The crisis, driven by soaring inflation, high debt and economic mismanagement, was also a reminder for Chinese investors looking to developing nations that are vulnerable to increasing fuel costs, food shortages and rising US interest rates.
I won’t call it a lesson but it is a reminder that local governance competence should be taken into consideration when investing overseas especially when the overall international environment is not good and given that the debt ratio of countries in South Asia is generally very high, Lin said.
Chinese investments (in Sri Lanka) will suffer some losses, he added.
However, Lin said, There is no need to be too pessimistic about China-Sri Lanka relations, because Sri Lanka’s relationship with India has its inherent structural contradictions, and Sri Lanka actually needs a country like China as a counterbalance with India.
But Liu Zongyi, a senior fellow with the Shanghai Institutes for International Studies, said Beijing had maintained friendly relationships not just with the Rajapaksa family but every political party in Sri Lanka.
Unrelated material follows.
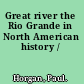 Great river the Rio Grande in North American history /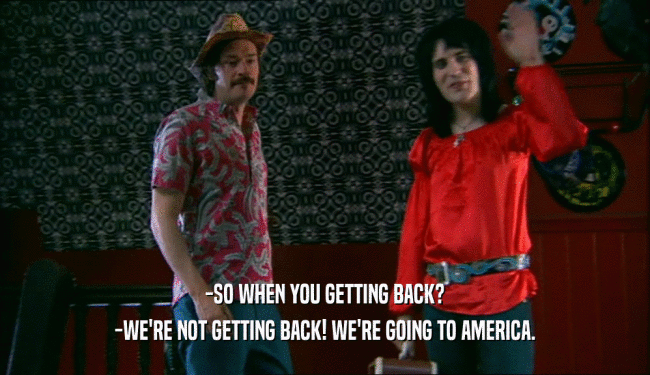 -SO WHEN YOU GETTING BACK?
 -WE'RE NOT GETTING BACK! WE'RE GOING TO AMERICA.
China is not leaning towards one faction or the other, Liu said.
That’s why the previous Sri Lankan governments have all wanted to maintain friendly and cooperative ties with China.
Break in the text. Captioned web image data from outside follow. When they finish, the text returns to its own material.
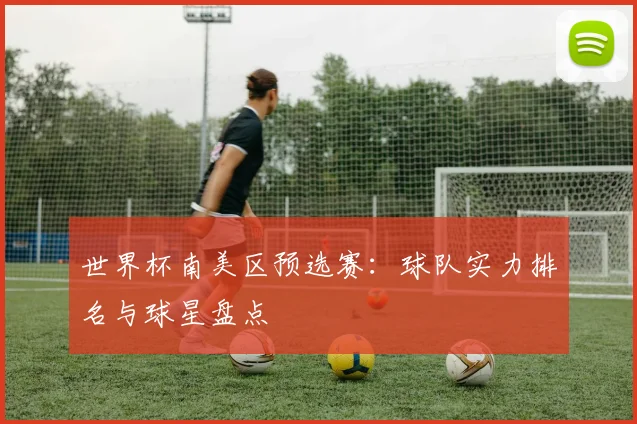 世界杯南美区预选赛:球队实力排名与球星盘点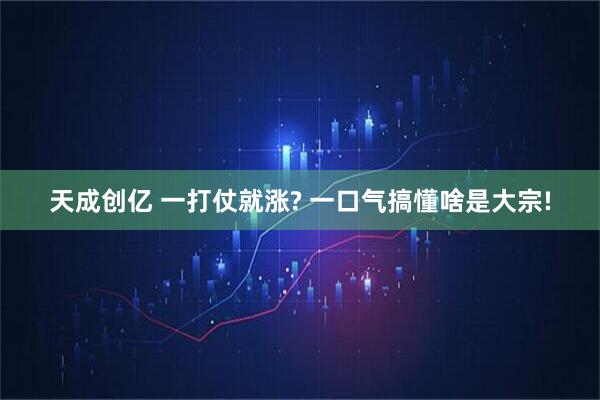 天成创亿 一打仗就涨? 一口气搞懂啥是大宗!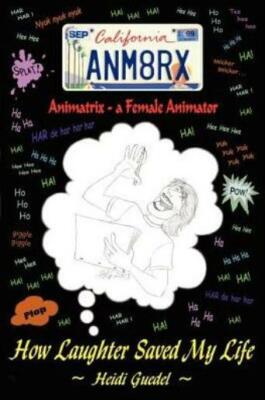 Animatrix--A Female Animator: How Laughter Saved My Life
There are concerns that Pakistan which is facing a severe shortage of foreign exchange reserves could go down the Sri Lanka way. China recently stepped in to provide USD 2.3 billion to its all-weather ally to shore up its forex reserves.
Following the economic crisis, Sri Lanka also defaulted on USD 51 billion in foreign debt which included Chinese loans.
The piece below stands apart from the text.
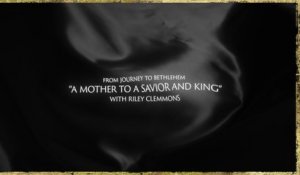The Cast Of Journey To Bethlehem - Mother To A Savior And King (Lyric Video/From “Journey To Bethlehem”)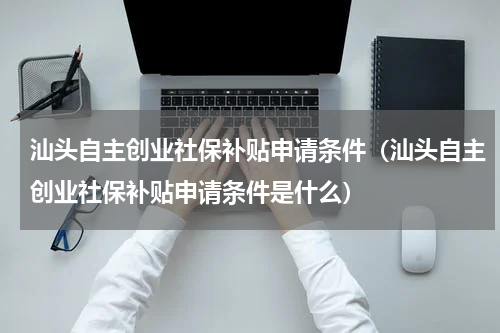 汕头自主创业社保补贴申请条件（汕头自主创业社保补贴申请条件是什么）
The state-run Global Times in its editorial on the Sri Lankan crisis on Tuesday said the US and West should not have twisted excitement toward the Sri Lanka crisis asserting that the turmoil was not caused by Colombo’s debt to Beijing.
Sri Lanka is already scarred and cannot bear the pressure and cost of becoming a geopolitical arena. Many research reports have repeatedly demonstrated that Sri Lanka’s current debt crisis is not directly related to Chinese-funded infrastructure investment. Bilateral foreign debt to China only accounts for 10 per cent of Sri Lanka’s total outstanding foreign debt, it said.
Western countries’ commercial creditors and multilateral financial institutions are responsible for Sri Lanka’s foreign debt, it said.
The “national bankruptcy” crisis facing Sri Lanka is essentially triggered by global development and governance deficits.
The regional security crisis exacerbated by the US and the West has deepened the global development crisis , it said, hoping that the US and western countries can restrain their geopolitical impulses to indulge in great power competition.